The film maker John T Davis is a Nornireland man. He is also a musician and an artist, who left his home on the shores of Belfast Lough for on a 2,000 mile odyssey from North Dakota, into the Rockies and on to Seattle on the Pacific Rim. This was no tourist trip. Riding the rails, jumping box cars, is dangerous and illegal. The danger is not just from the moving wagons, it is also from other Hobos, from weather and dirt and deprivation, from jealousies and from the law. Davis had a plan, and he had a friend in making “Hobo.” At the annual National Hobo Convention which is held every year in Iowa, the film maker met Ed Howard, a Vietnam vet, a Hobo known as “Beargrease” whose story became the subject of his documentary. The two of them set out on the rails, living by the laws of ‘freedom’ and scavenging for food. Davis used a 16mm camera, and because of the dangers involved, he stripped it down and camouflaged it in a rolled-up sleeping bag. Davis and his bedroll were Unit One on the shoot, Unit Two was his cover, a couple of guys making an innocuous documentary called “Travelling America. The producer Brendan Hughes liased between the two.

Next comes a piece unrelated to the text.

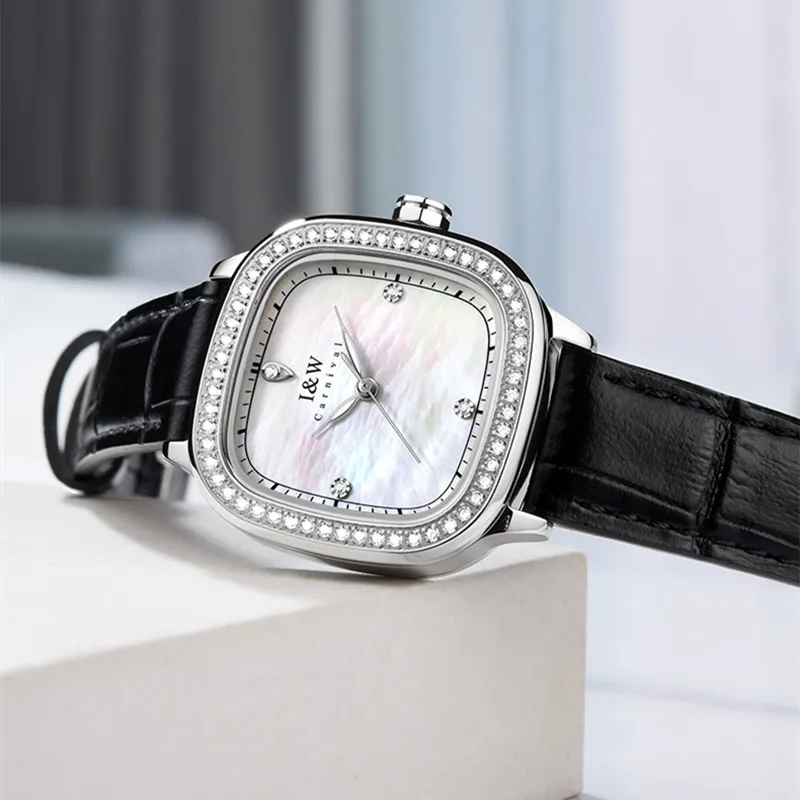 Luxury Switzerland I&W CARNIVAL Brand Japan Quartz Women's Watches Ultra-thin Waterproof Rhinestone Leather Simple Clock 632L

I had been aware of John T Davis as a film maker since his “Shellshock Rock“ was banned at the Dublin Film Festival in 1979, and now I was A Fan. Every time I hear that lonesome whistle blow, I think of those who live by it….and die. In 1993, sitting in a low slung sports car with the British writer Johnathan Raban, stopped at a railroad crossing in Seattle, counting the cars as we waited for a freight train to pass (74) I thought of Beargrease and his bros.
In 1996 Davis made “The Uncle Jack” a very different film, about his uncle, an architect with a passion for cinema, who designed some 16 movie houses in the Six Counties in the 1930s and 1940s. Jack McBride Neill who had no children of his own, adored his nephew, and it was he who introduced young John to film making, passed on his love of aeroplanes, building model ‘planes and restoring wind organs, and left him his house “Ben Edar” in his will. John T Davis was living in that house and filming in the US when the idea of a tribute to the life and work of his uncle, which had been percolating for years, became an urgent obcession. What was to be an exploration of a complex man, became a devestating tale of regrets and conflagrations.
During the making of The Uncle Jack, one of McBride Neill’s most beautiful buildings, the Tonic in Bangor County Down, at one time the largest cinema in Ireland, was destroyed in a blaze. In l999, Ben Edar was also destroyed by fire and with it, almost all of Davis’ archive of three decades’ film and art work went up in smoke. I have consciously not looked at any footage of either ‘Hobo” or “Jack” while writing this…..there are memories and images with me for the past 2 decades which fire my immagination, and I wanted them as they are. One is the black and white publicity stills of Beargrease…..I have one, I KNOW I have an original, put away somewhere safe, but I searched high and low for the past two days, and I found a signed black and white photograph of Danny La Rue and one of the band Dr Strangley Strange, but neither Ed nor John T was to be found.*
The other image is (as I remember it) of Davis standing in front of his house, a calm blue sky above, blue water behind. He is unrolling a canvas he salvaged from the fire, his graduate piece from the Belfast College of Art. It is a familiar image: the simple white shape of a jet plane against a blue background. Simple and familiar, but to me, beautiful enough to want to reproduce it, to make my own homage.
I found a deep blue heavy silk tunic and I painted it with a white ‘plane, and because I am me, and the image had not yet been loaded with the symbolism of terror it was later to attain, I stuck diamante rhinestones along the twin jet trails.
I always call it my “John T Davis top.”




nice one bebs
Really enjoyed reading that. Watched a doc on BBC4 last winter Richard (NOT E!) Grant’s American Nomads as per book. American Nomads: Travels with Lost Conquistadors, Mountain Men, Cowboys, Indians, Hoboes, Truckers, and Bullriders, [UK: Ghost Riders: Travels with American Nomads] (2003)
Love the t-shirt dress! Great idea. I enjoyed the blog too, very interesting.